Required action.
Begin with the line holding "Elegant lakeside wedding" and end with the last line of the records below. Set down exactly those lines and leave out every picture.

[[ Provided records, beginning ]]

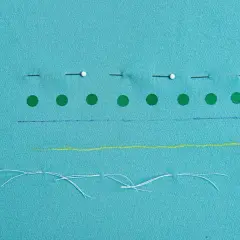 Tissu bleu turquoise avec des épingles, des ronds verts, des traits bleus, jaunes et des fils blancs.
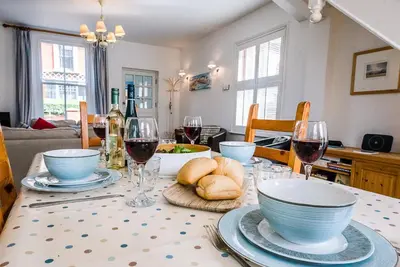 a dining room table with wine glasses and bread at Longshore, Aldeburgh in Aldeburgh
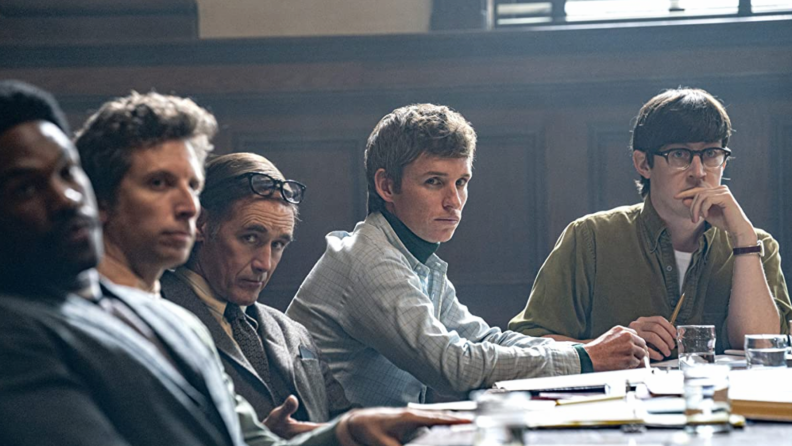 A still from The Trial of the Chicago 7 that features the cast seated at a table looking to camera.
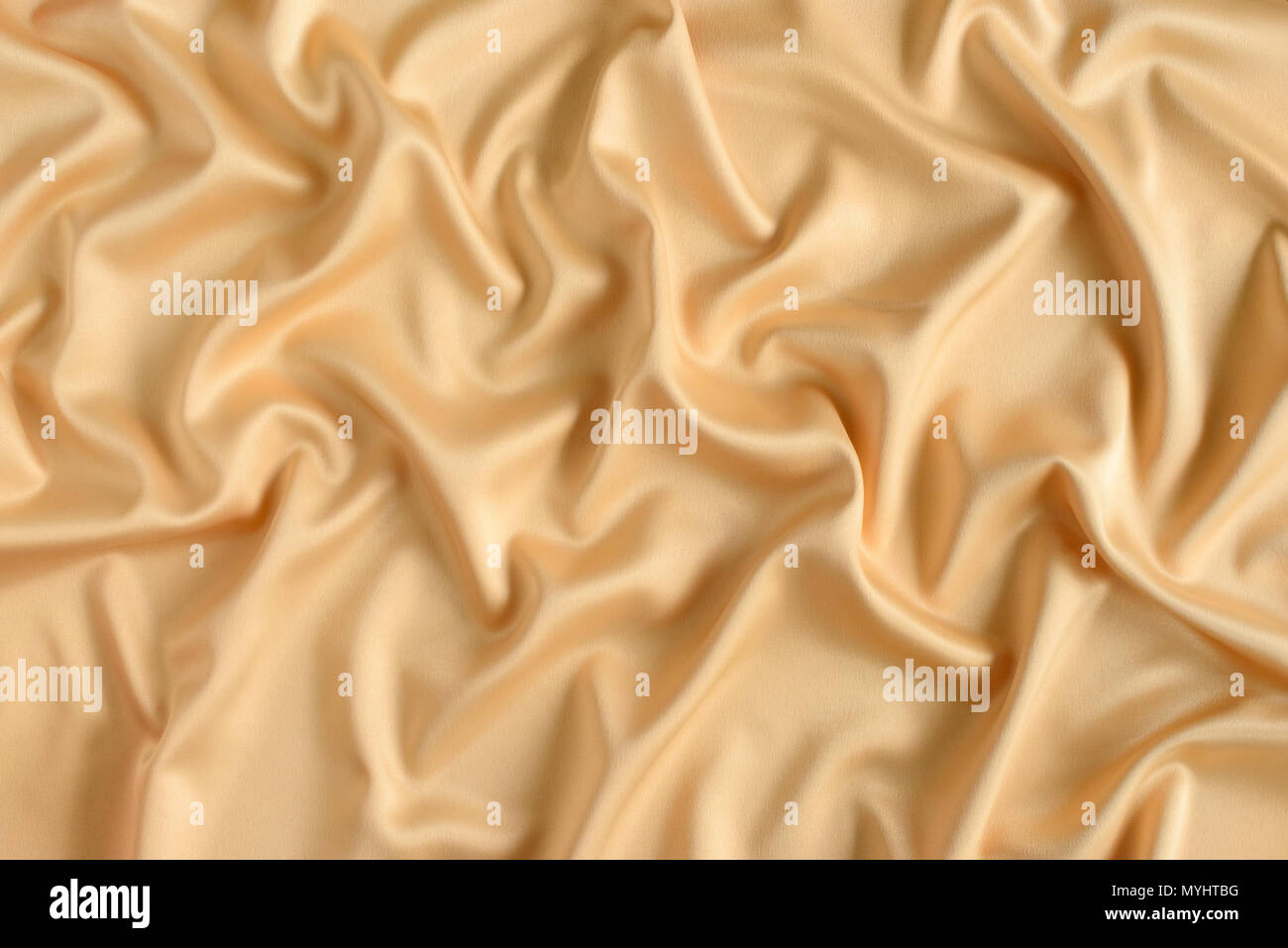 Close up di ondulazioni in color oro tessuto di seta. In raso sfondo tessili. Foto Stock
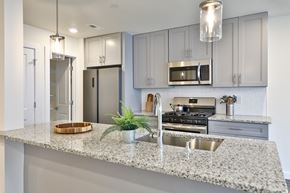 Philadelphia apartment for rent - a kitchen with grey cabinets and a granite counter top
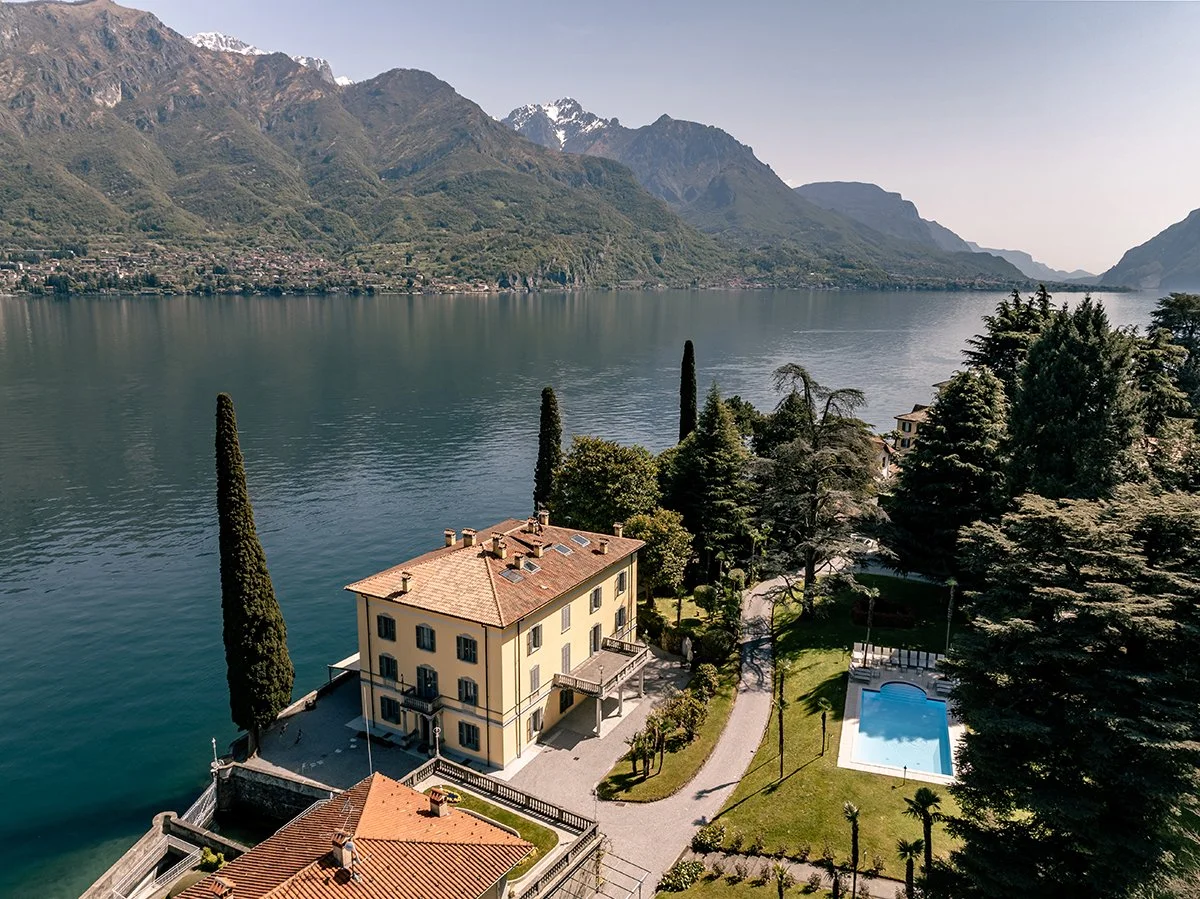 Elegant lakeside wedding villa overlooking Lake Como, Italy, with mountain views, manicured gardens, and a swimming pool, ideal for a luxury destination wedding or elopement.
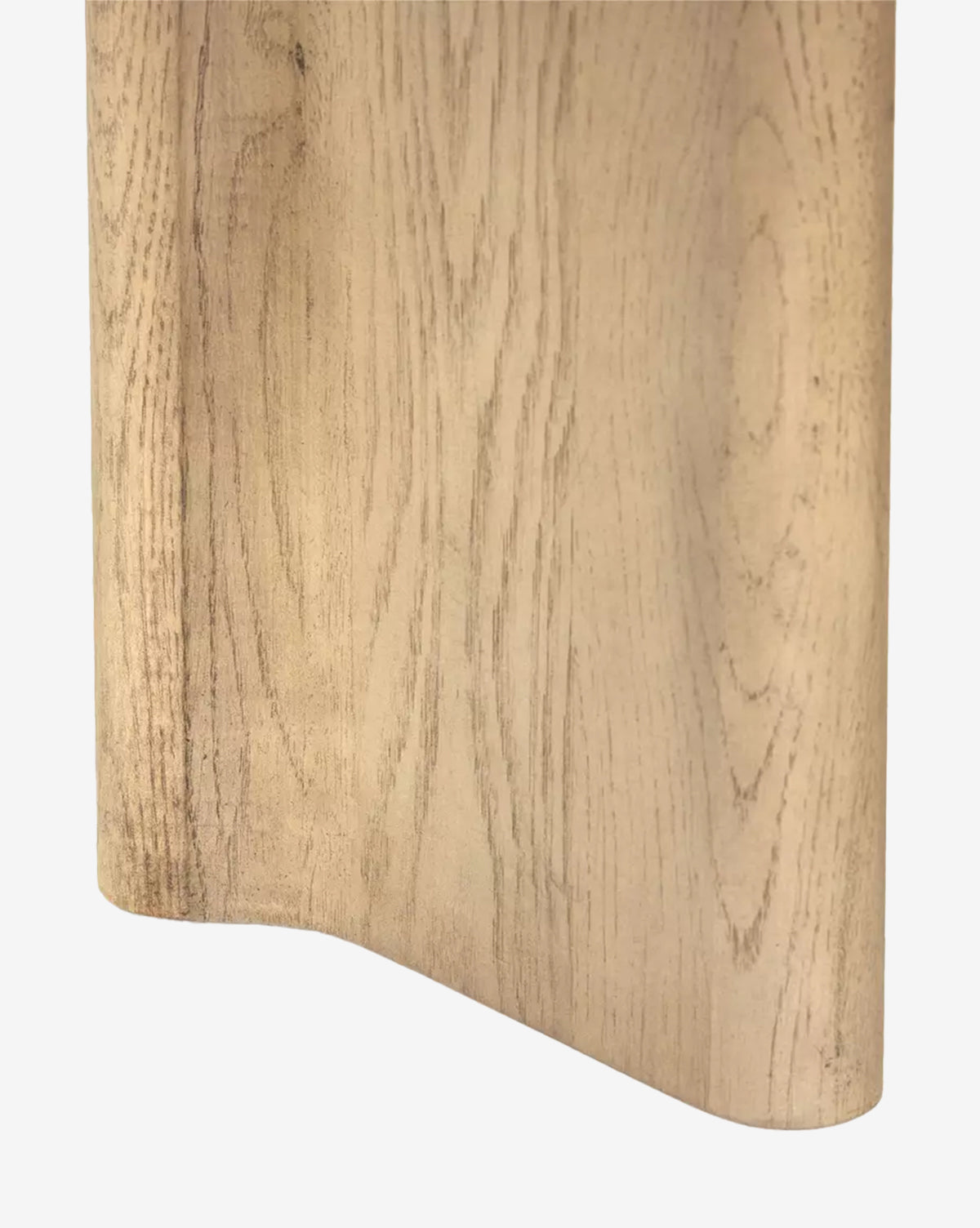 A close-up of the Juliana Extension Dining Table in solid oak highlights its curved edge, smooth texture, and natural wood grain—an ideal addition to any modern dining space, by McGee & Co.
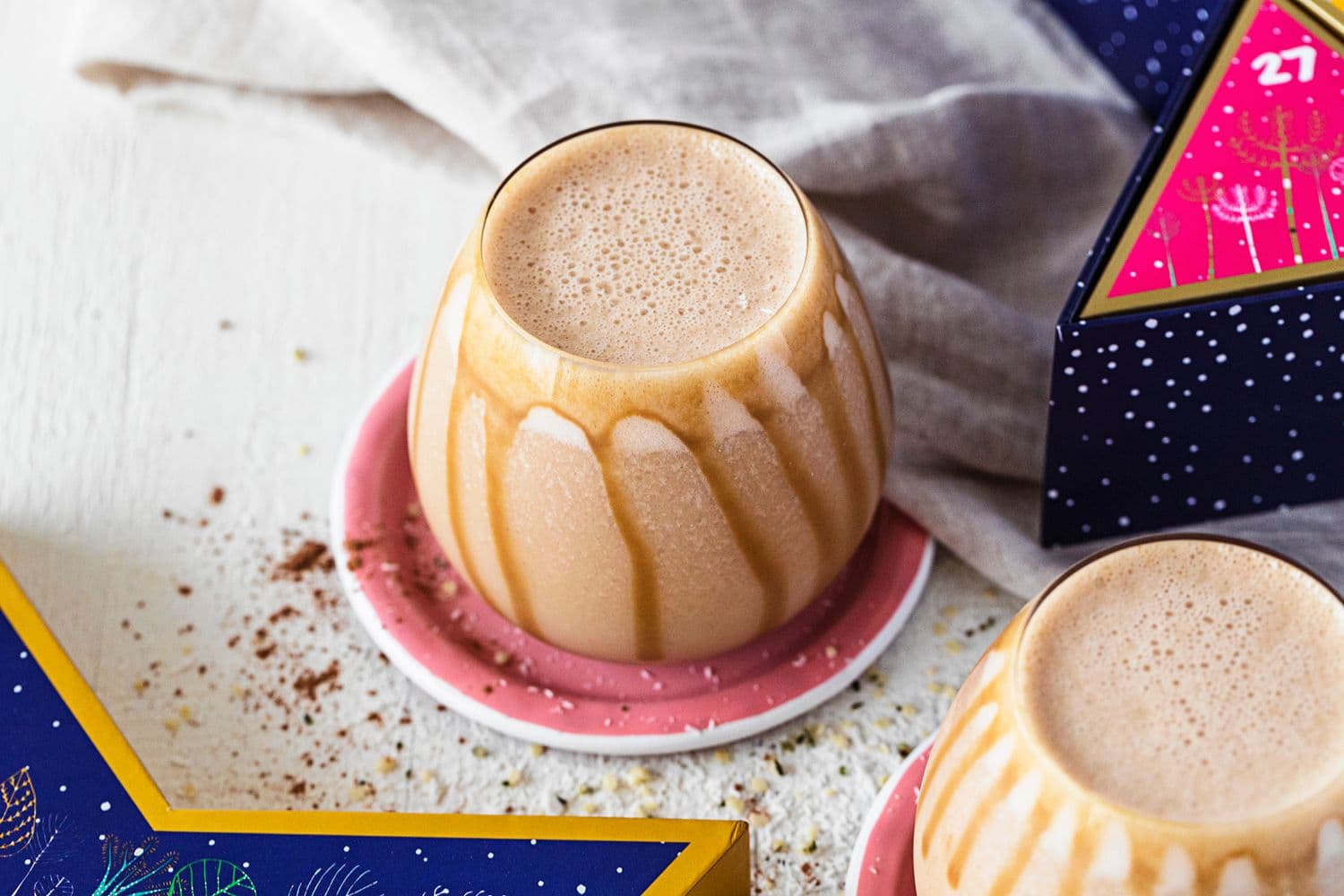 Rounded glass with salted caramel and peanut butter smoothie, drizzled with caramel sauce, on a pink coaster.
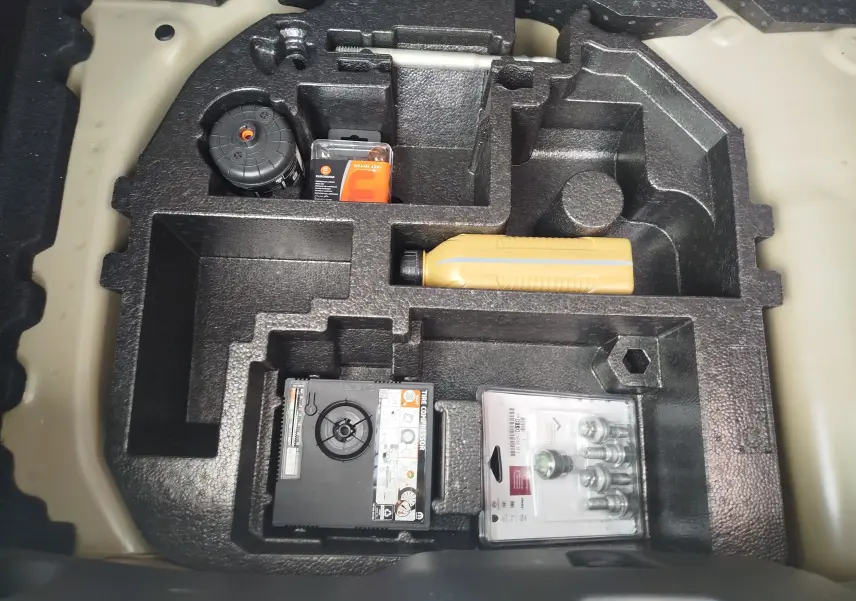 Rangement sous coffre de la Citroën C3 2025, compartiments en mousse noire avec kit de réparation pneus et accessoires.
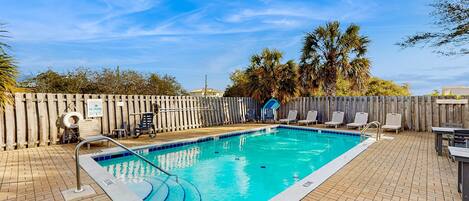 A rectangular outdoor swimming pool with a wooden deck and lounge chairs.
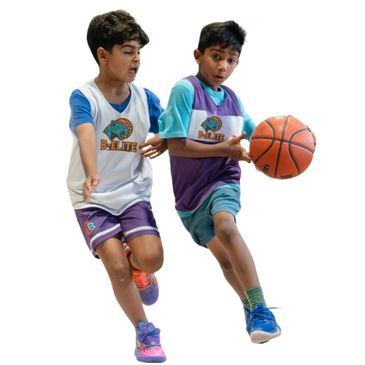 Two boys playing basketball, one in white and one in purple jersey.
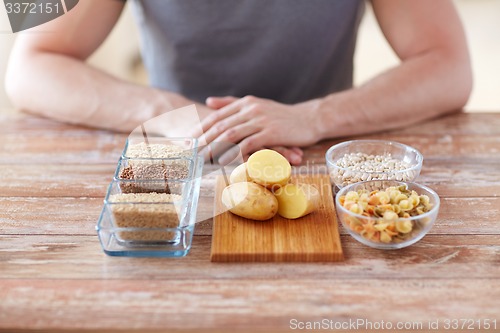 Image of close up of male hands with carbohydrate food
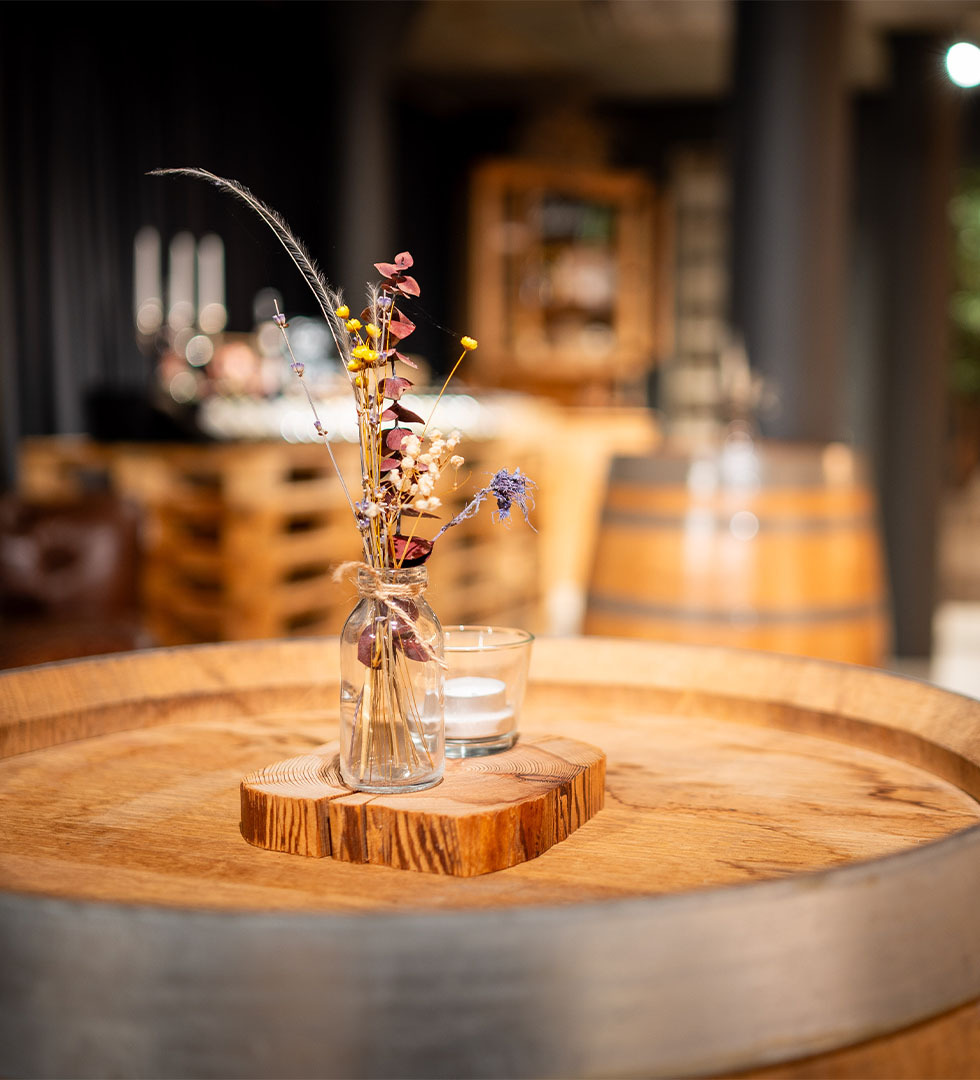 Glasvase mit getrockneten Blumen auf einem runden Holztisch im Weinkeller des Wyhus Belp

[[ Provided records, end ]]

Response below.
 Elegant lakeside wedding villa overlooking Lake Como, Italy, with mountain views, manicured gardens, and a swimming pool, ideal for a luxury destination wedding or elopement.
 A close-up of the Juliana Extension Dining Table in solid oak highlights its curved edge, smooth texture, and natural wood grain—an ideal addition to any modern dining space, by McGee & Co.
 Rounded glass with salted caramel and peanut butter smoothie, drizzled with caramel sauce, on a pink coaster.
 Rangement sous coffre de la Citroën C3 2025, compartiments en mousse noire avec kit de réparation pneus et accessoires.
 A rectangular outdoor swimming pool with a wooden deck and lounge chairs.
 Two boys playing basketball, one in white and one in purple jersey.
 Image of close up of male hands with carbohydrate food
 Glasvase mit getrockneten Blumen auf einem runden Holztisch im Weinkeller des Wyhus Belp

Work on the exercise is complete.